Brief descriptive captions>
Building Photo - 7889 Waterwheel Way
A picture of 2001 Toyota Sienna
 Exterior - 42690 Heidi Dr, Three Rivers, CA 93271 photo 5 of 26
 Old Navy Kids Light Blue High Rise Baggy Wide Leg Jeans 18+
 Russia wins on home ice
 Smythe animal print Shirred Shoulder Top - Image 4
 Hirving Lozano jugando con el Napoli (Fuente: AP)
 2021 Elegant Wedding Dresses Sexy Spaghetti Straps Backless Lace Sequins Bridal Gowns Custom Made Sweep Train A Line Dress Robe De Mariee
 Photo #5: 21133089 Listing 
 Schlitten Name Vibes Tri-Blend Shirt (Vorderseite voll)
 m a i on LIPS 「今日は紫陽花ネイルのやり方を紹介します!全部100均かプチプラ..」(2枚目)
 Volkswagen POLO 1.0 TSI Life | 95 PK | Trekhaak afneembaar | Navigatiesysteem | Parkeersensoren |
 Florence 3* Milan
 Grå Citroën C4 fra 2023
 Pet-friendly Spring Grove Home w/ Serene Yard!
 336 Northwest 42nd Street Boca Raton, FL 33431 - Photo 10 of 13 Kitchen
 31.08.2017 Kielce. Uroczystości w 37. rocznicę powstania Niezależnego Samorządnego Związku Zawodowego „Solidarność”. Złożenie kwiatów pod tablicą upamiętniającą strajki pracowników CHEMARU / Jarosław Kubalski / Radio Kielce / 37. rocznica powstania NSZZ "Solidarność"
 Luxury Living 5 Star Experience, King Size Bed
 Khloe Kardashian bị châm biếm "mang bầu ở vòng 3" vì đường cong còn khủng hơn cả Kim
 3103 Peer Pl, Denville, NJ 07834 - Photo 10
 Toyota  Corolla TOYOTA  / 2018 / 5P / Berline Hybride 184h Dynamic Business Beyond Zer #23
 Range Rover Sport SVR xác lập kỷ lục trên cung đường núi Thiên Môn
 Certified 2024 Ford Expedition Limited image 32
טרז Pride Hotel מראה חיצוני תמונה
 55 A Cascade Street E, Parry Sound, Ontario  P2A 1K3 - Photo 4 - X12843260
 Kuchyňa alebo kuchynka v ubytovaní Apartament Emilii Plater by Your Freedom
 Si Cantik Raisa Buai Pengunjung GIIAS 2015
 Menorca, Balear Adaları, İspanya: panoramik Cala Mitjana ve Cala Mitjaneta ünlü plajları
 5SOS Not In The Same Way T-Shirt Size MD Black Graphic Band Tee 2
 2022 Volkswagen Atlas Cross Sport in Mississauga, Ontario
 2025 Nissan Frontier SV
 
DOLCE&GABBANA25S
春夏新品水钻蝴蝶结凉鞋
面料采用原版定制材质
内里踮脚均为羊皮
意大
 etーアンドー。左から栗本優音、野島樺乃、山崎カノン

Action item>
Copy, exactly and with nothing added, the lines from the one containing "春夏新品水钻蝴蝶结凉鞋" through the end of the records.

Result>
春夏新品水钻蝴蝶结凉鞋
面料采用原版定制材质
内里踮脚均为羊皮
意大
 etーアンドー。左から栗本優音、野島樺乃、山崎カノン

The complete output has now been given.